March 5, 2005, by a contributor
Despite retraction of one news story by a Honolulu newspaper that said Ward Churchill was not a native North American, the news media and thugs from the Internet continue to focus on questions relating to Ward Churchill's indigenous identity and persist in misrepresenting what Churchill has said about his indigenous identity. For instance, an individual nicknamed "roothog229," in a blog post appearing in Google News search results for 'Ward Churchill' as of today, completely misses the mark and calls on the Cherokee Nation to dissociate themselves from Churchill, but Churchill has never claimed to be enrolled in any of the three U.$.-recognized Cherokee tribes.(1) Churchill has never claimed to be fully enrolled in any tribe, only saying that he is an associate member of the Keetoowah band of Cherokee, a membership that was never revoked according to "UKB historian and former tribal secretary" Ernestine Berry.(2) But these people lying about what Churchill has said pretend to be defending indigenous people. Oh-so-concerned, the white nationalists supposedly defending other nations' bloodline purity do not bother to do any research at all.
On The O'Reilly Factor, March 3, 2005, Bill O'Reilly repeated his lie about Churchill "using his questionable data in getting his job in the first place and in sustaining an academic record."(3) O'Reilly, like others, evidently does not know what "unenrolled" means on Churchill's résumé and is obscuring the University of Colorado's responsibility for hiring Churchill in the first place. The University of Colorado should object to O'Reilly's making them look so incompetent: the critics of Ward Churchill make it look like University of Colorado does not really know what "unenrolled" meant, and did not bother looking into what "unenrolled" meant. Moreover, Churchill explicitly says and clarifies on his résumé that his " tribal heritage" (my emphasis) is "Creek/Cherokee (unenrolled)"; although, he would not have been unjustified in saying that his nationality or "ethnicity" was indigenous without any qualification.
The National Ledger, which has repeatedly published blog-like articles appearing on Google News in what appears to be a sustained effort to attack Churchill's character, repeats the lie that Churchill is a "fake Indian college professor."(4) There is absolutely no evidence for this claim. Even if we indulged the blood quantum argument, there is no evidence showing that Churchill knew he had no indigenous blood quantum, which he does. By other criteria, such as community recognition, Churchill is of First Nation ethnicity.

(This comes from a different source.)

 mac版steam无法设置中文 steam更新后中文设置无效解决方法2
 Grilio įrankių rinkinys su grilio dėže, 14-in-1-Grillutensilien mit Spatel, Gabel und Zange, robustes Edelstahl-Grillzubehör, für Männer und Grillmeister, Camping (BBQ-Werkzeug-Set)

Others, such as Hawaii Reporter editor and president Malia Zimmerman, have recently insinuated that Churchill is lying about his indigenous identity, saying that he "ducks the subject" of "his claims to be an American Indian."(5) Zimmerman has also spread KHOW and Michelle Malkin's lie about what Churchill said at a bookstore in August 2003, in quotes taken out of context from three hours of audio publicly available on the Internet (http://www.radio4all.net/proginfo.php?id=7592).(5) These files, which have long been on the Internet, are not "tapes," and they were not "obtained" by Dan Caplis, Craig Silverman, or any other persyn.
In a racist, Ann Coulter-inspired fashion, blog thug Ralph Kinney Bennett, appearing in Google "News" search results, repeats as fact the lie that "li'l Injun that could" Churchill is a "pseudo-Indian."(6)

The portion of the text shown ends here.